Lumens - total light output that's visible to the eye (our eyes are more sensitive to green, but headlights are typically white so that point is typically ignored)
Candlepower - how intense the light is at the brightest point of the beam
Watts - the amount of energy "consumed" by the light, regardless of whether the energy is converted to useful light, heat, or something else.
That being said, I agree it is really annoying how different light manufacturers rate their lights differently. For a given technology, more watts usually means a brighter beam at the cost of reduced run time.
LEDs are notorious for giving lots of light at one wattage, but giving only marginally more with greatly increased power. They are very voltage sensitive, making mods tricky. That being said, they probably stand out better versus cars due to their bluish tint for a given brightness. They tend to be highly directional, which is why the Cateye EL-500 can have 1000 candlepower. Its beam is tightly focused into a spot. The lower powered LEDs are much more efficient than halogen bulbs. in terms of light produced vs power consumed.
Halogens and other incandescent bulbs are readily scalable (it is often easy to swap a given bulb with another with more power at the cost of less runtime, or vice versa). Some halogen bulbs have built-in reflectors such as the MR-11 and MR-16, which are used in the cygolites. Halogens are more efficient at higher powers. A site that I find a useful reference is the British vendor reflectalite.com, which lists a bunch of the bulbs being made, their voltages, and powers. Nowadays getting a specific bulb is often difficult though. Halogens produce a yellowish white light like that seen with car headlamps. These bulbs fail catastrophically (they burn out without warning when they die).
HIDs are extremely efficient, and are the brightest lights around. They are very expensive ($400 US or more generally), and many will argue are too bright for street riding. I don't have personal experience with them, so I won't comment more on this topic.
You mention a light that has the batteries enclosed. I'd like to share again what I am using. I use a Sigma Sport Ellipsoid (no longer in production) with the stock 2.4 W halogen bulb replaced with a Maglite Magnum Star 5 cell bulb. It gives me around 80 or so lumens (plenty to be seen, and a reasonable to see light). With 2500 mAh NiMH rechargeables, I have a runtime around 90 min before the low voltage indicator lights up (in extreme cold, expect significantly reduced runtime though, however, you'd get a dimmer beam, not total failure). I am guessing that you could use a 6W or even 10 W halogen for that bulb for even more light if you wanted to.
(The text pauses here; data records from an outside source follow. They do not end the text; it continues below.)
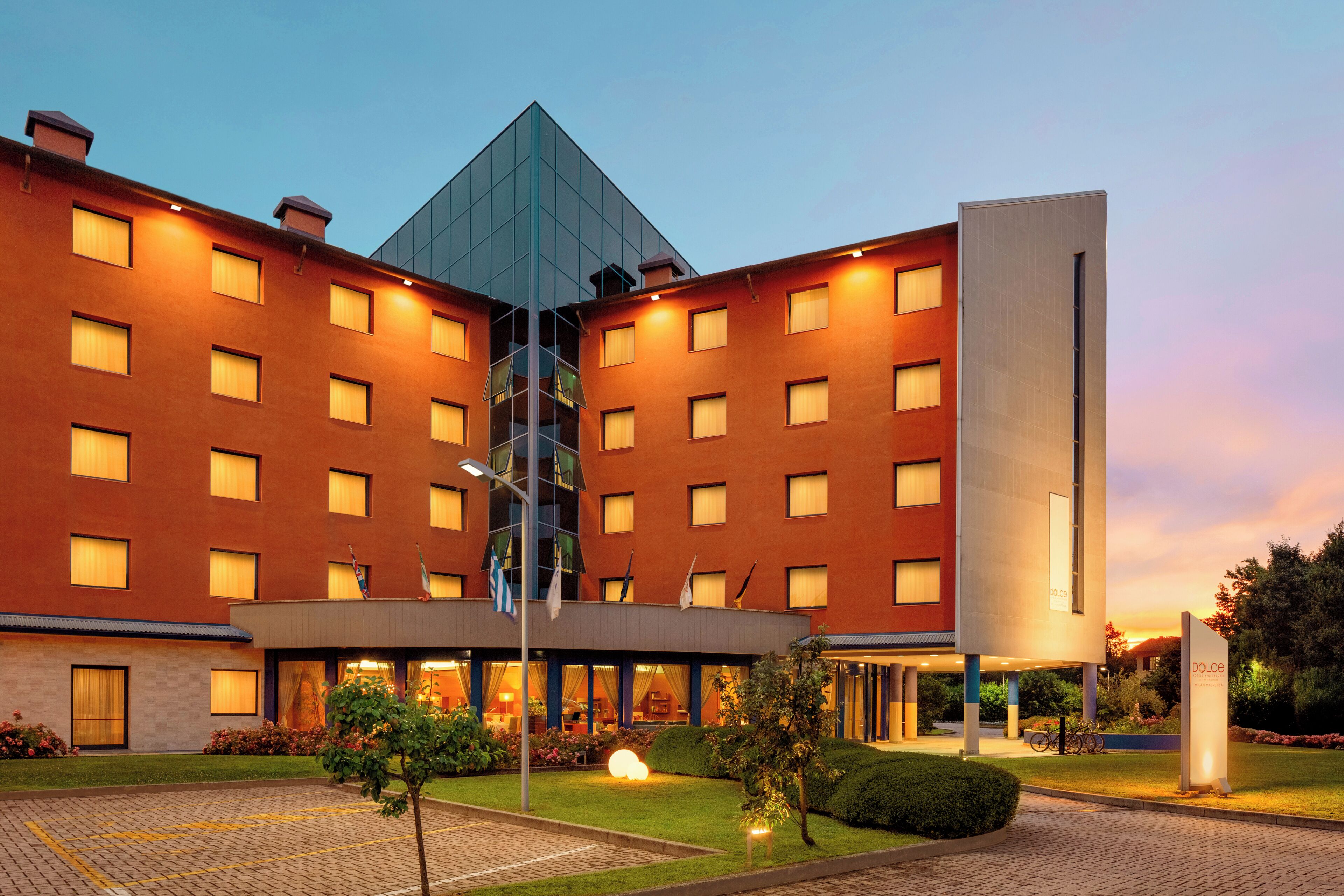 Zeus Essence Dolce by Wyndham Milan Malpensa Reviews, Deals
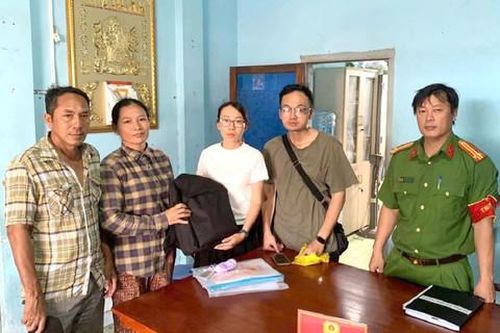 Nhặt được ba lô chứa tài sản trị giá 200 triệu đồng, người phụ nữ liền giao nộp công an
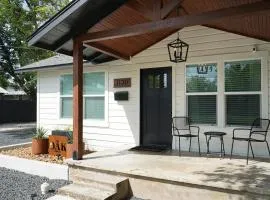 Stay at The Oak - Downtown New Braunfels Getaway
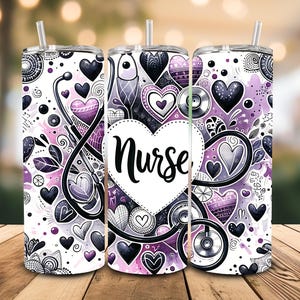 Könnte beinhalten: Ein weißer Edelstahlbecher mit einem lila und schwarzen Design mit Herzen, Wirbeln und einem Stethoskop. Das Wort "Nurse" ist in einem weißen Herzen geschrieben.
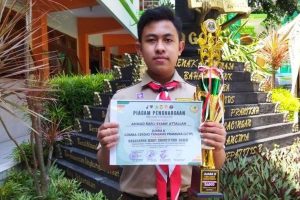 Ahmad Rafli Syarif Attallah (9D), berhasil menjadi juara 2 Lomba Cerdas Tangkas Pramuka tingkat nasional. (ist) - Kado Hari Santri Nasional, MTsN 1 Kota Malang Berikan Kejutan 333 Prestasi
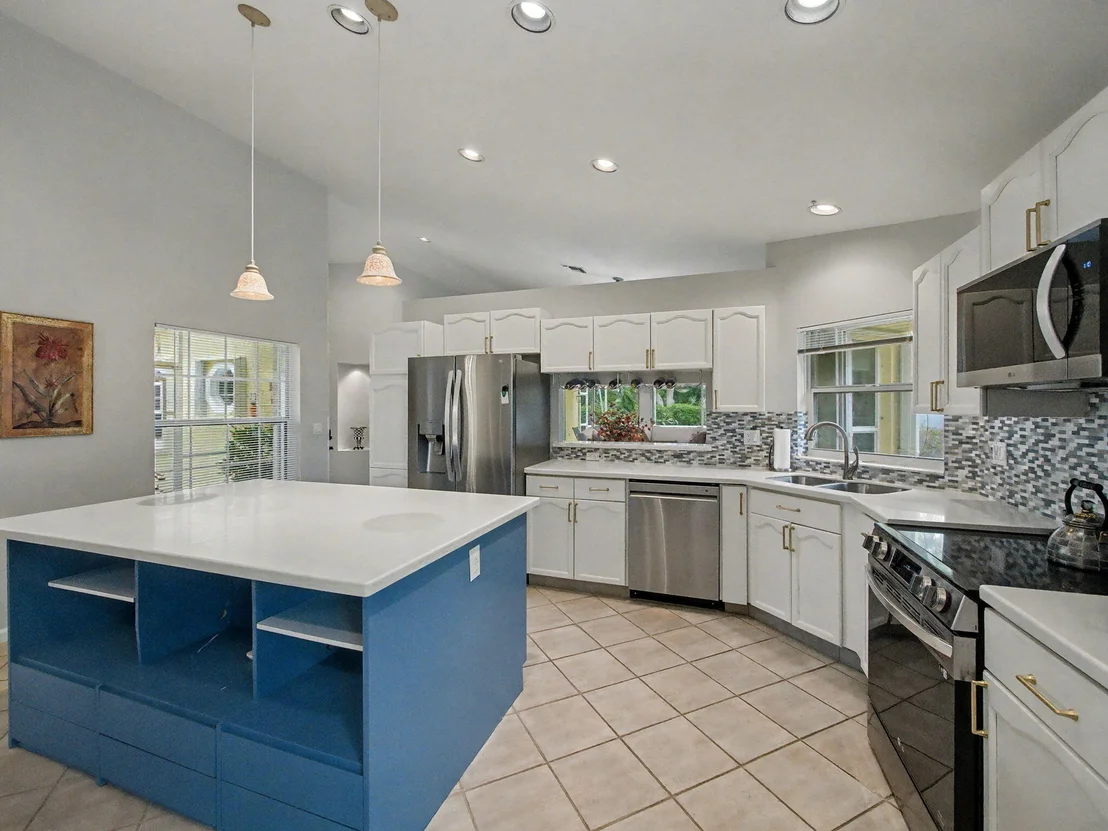 Photo of 157 Harbor Lake Circle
The funny looking quick-release clamp actually works surprisingly well, although one of them was worn out after a year of abuse. Nowadays the Ellipsoid has been replaced with the cubelight. In terms of cost, here's what I roughly paid. $10 for the light, $ 6 for the bulb, and $25 for the pack of 8 rechargeable batteries (no one sells packs of 5). I already had a charger, and the charger can also be used to charge all your other batteries around the house.
Beam patterns also can matter with what light you select. As I alluded to with the case of the Cateye, some beams are spot while others are flood. Different people have different preferences as to the beam pattern that suits them. A bad beam pattern throws light uselessly into the sky where it isn't needed. Light and Motion lights are known for their smooth beam patterns. Some people care about beam smoothness, while others don't mind a rough beam. There is basically no formal way the patterms are compared, so besides seeing the light itself there is no way to compare beam patterns.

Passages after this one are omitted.